Abmahnung wegen fehlender Mitteilung von Teilnahmebedingungen des Gewinnspiels
Der Kläger ist ein eingetragener rechtsfähiger Verein, der seit über 40 Jahren unter anderem den Zweck verfolgt, die gewerblichen Interessen seiner Mitglieder zu fördern und durch Beteiligung an der Rechtsforschung, Aufklärung und Belehrung im Zusammenwirken mit den zuständigen Stellen der Rechtspfleger den unlauteren Wettbewerb zu bekämpfen bzw. den lauteren Wettbewerb zu fördern.

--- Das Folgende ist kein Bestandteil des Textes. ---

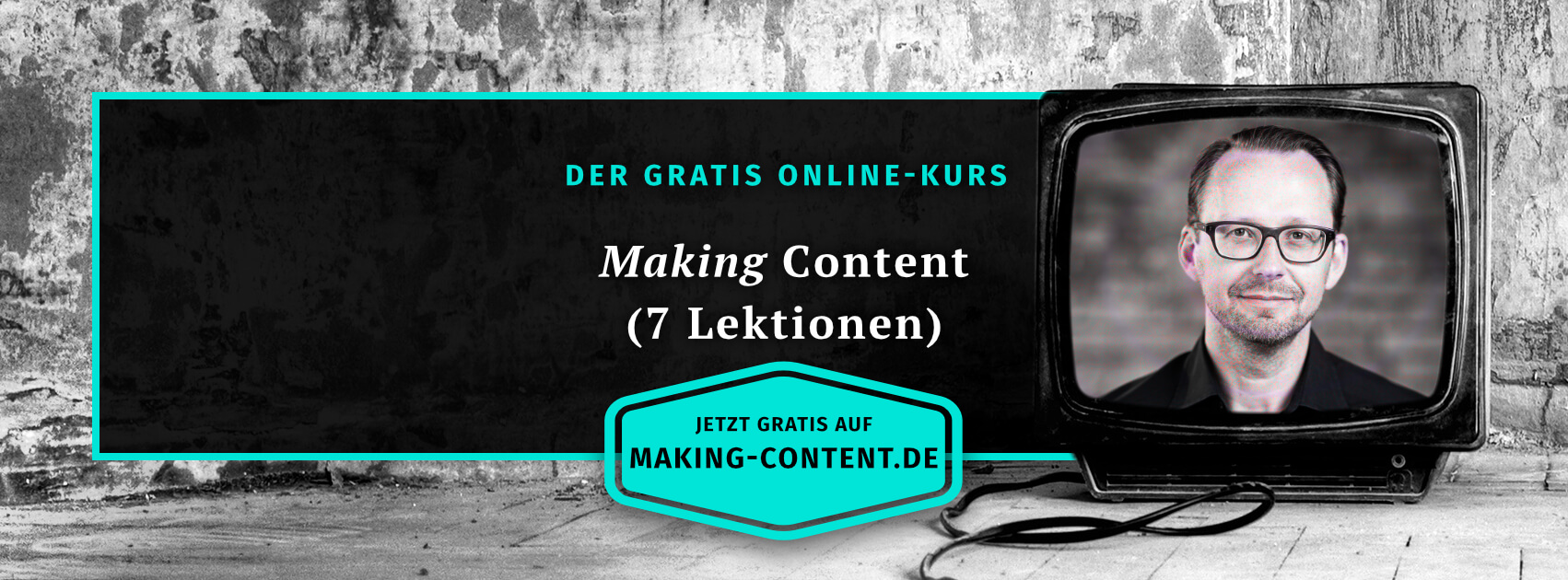 CC-Facebook-851x315-19-10-15-kurs-7-lessons-DE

Im September 2019 wurde der Kläger darauf aufmerksam gemacht, dass die Beklagte zweimal ein Gewinnspiel beworben hatte, ohne die nach seiner Ansicht wesentlichen Teilnahmebedingungen mitzuteilen. Der Kläger mahnte die Beklagte ab, weil sie bei der Bewerbung des Gewinnspiels die Teilnahmebedingungen nicht mitgeteilt habe. Er forderte unter Fristsetzung die Abgabe einer strafbewehrten Unterlassungsverpflichtungserklärung und beanspruchte eine Kostenpauschale. Die Beklagte ließ die geltend gemachten Ansprüche durch ihre Prozessbevollmächtigten mit der Begründung ablehnen, es handele sich lediglich um die Ankündigung eines Gewinnspiels, bei der die Teilnahmebedingungen noch nicht genannt werden müssten.

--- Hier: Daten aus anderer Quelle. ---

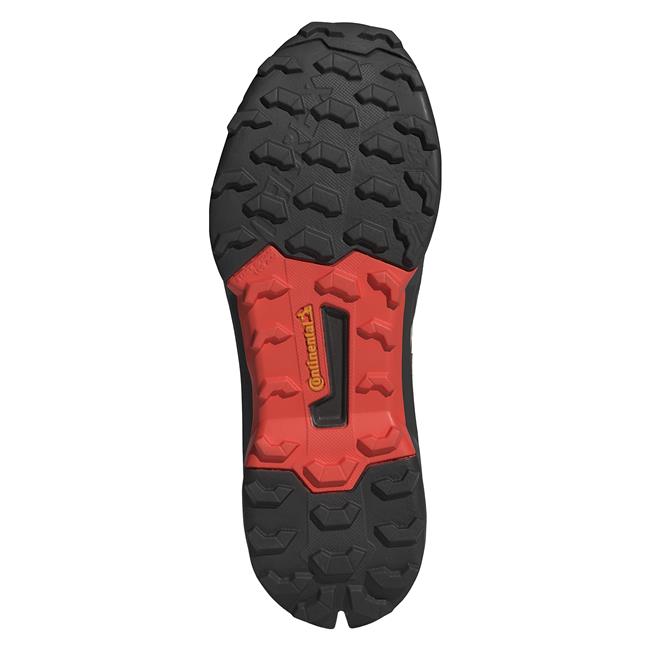 Product Image 3 - Zoom In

Klage erfolgreich – Unterlassungsanspruch begründet
Daraufhin erhob der Kläger Klage vor dem Landgericht Essen. Mit Erfolg: Das LG Essen entschied, dass ein Unterlassungsanspruch des Klägers aus§§ 8 Abs. 1 S. 1, Abs. 3, 3 Abs. 1 ,5 a Abs. 2 S. 1, Abs. 4 UWG i.V.m. §§ 6 Abs. 1 Nr. 4 TMG analog folge.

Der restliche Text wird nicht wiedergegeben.